Dalam sebuah episode podcast Kasih Solusi, Okta Wirawan Founder dari Almaz Ayam Goreng. Ia menyebut bahwa Almas bukan sekadar tempat makan, tapi juga bagian dari gerakan nilai. “Brand fried chicken ini saham 5 persennya buat Palestina. Selain itu, Almaz buka loker bagi yang terdampak PHK karena boikot,” ungkapnya.
Banyak pengunjung Almas mengaku datang bukan hanya untuk makan, tetapi juga menunjukkan dukungan terhadap nilai-nilai yang mereka anggap penting. Hal ini menandakan bahwa pengalaman makan kini telah berevolusi menjadi ekspresi nilai, pilihan identitas, bahkan bentuk perlawanan simbolik.
Di sisi lain, brand global seperti McD menghadapi tantangan besar. Meskipun mereka memiliki keunggulan teknis dan pengakuan merek yang kuat, tetapi jika mereka diasosiasikan dengan sikap yang bertentangan dengan moral publik, maka akan sulit mempertahankan loyalitas konsumen.
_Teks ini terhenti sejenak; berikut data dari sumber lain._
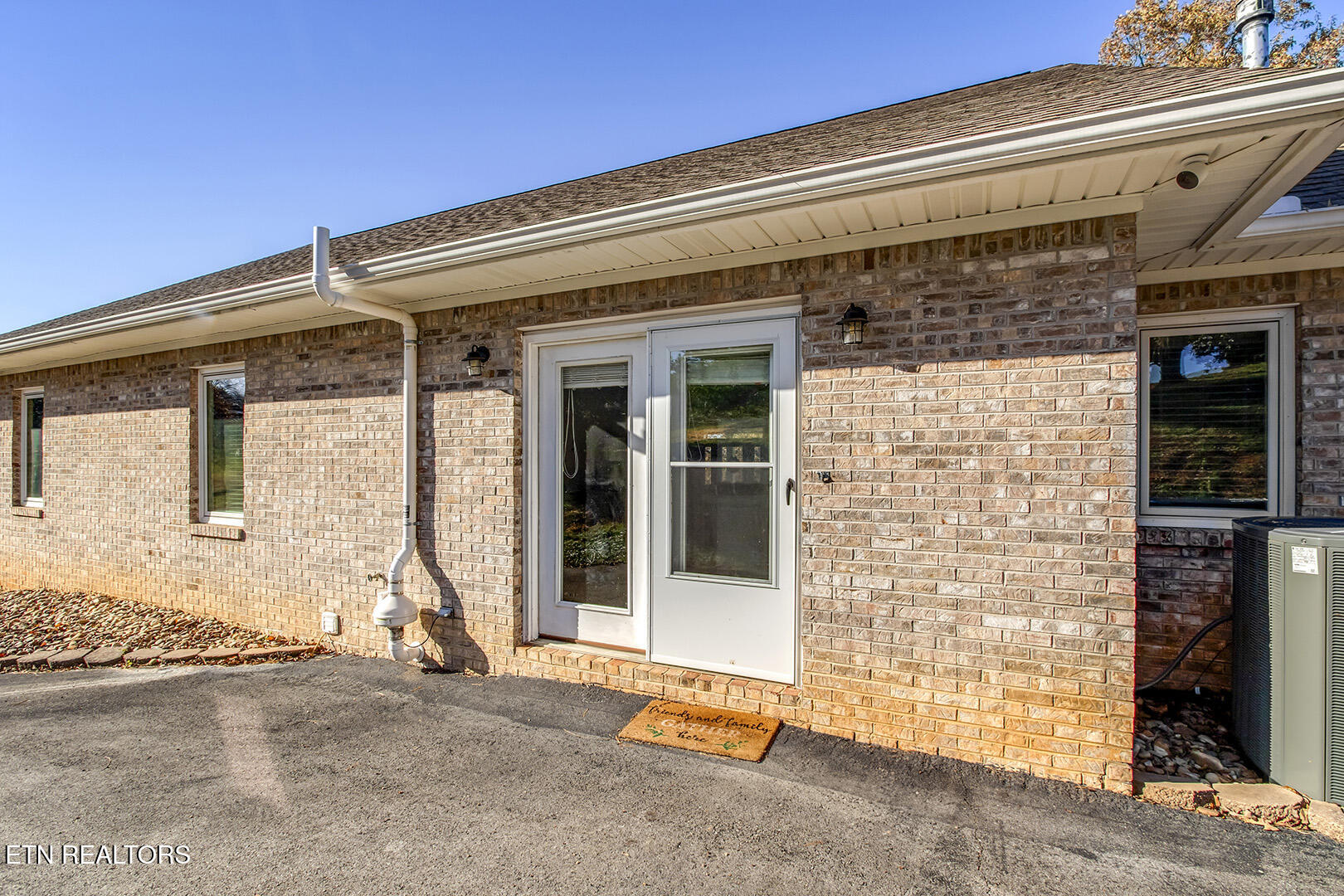 417 River Road Loudon TN 37774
Fenomena ini menunjukkan bahwa perang dagang masa kini tidak hanya soal harga dan rasa, tetapi juga soal perang value. Masyarakat ingin merek yang tidak hanya enak dan nyaman, tetapi juga sejalan dengan nurani mereka.
Kini, pilihan konsumen bukan lagi sekadar soal “mana yang lebih enak”, tetapi juga “mana yang lebih benar”. Dan di tengah krisis kemanusiaan atau konflik Palestina, keputusan sederhana seperti memilih tempat makan bisa menjadi bentuk pernyataan sikap yang kuat.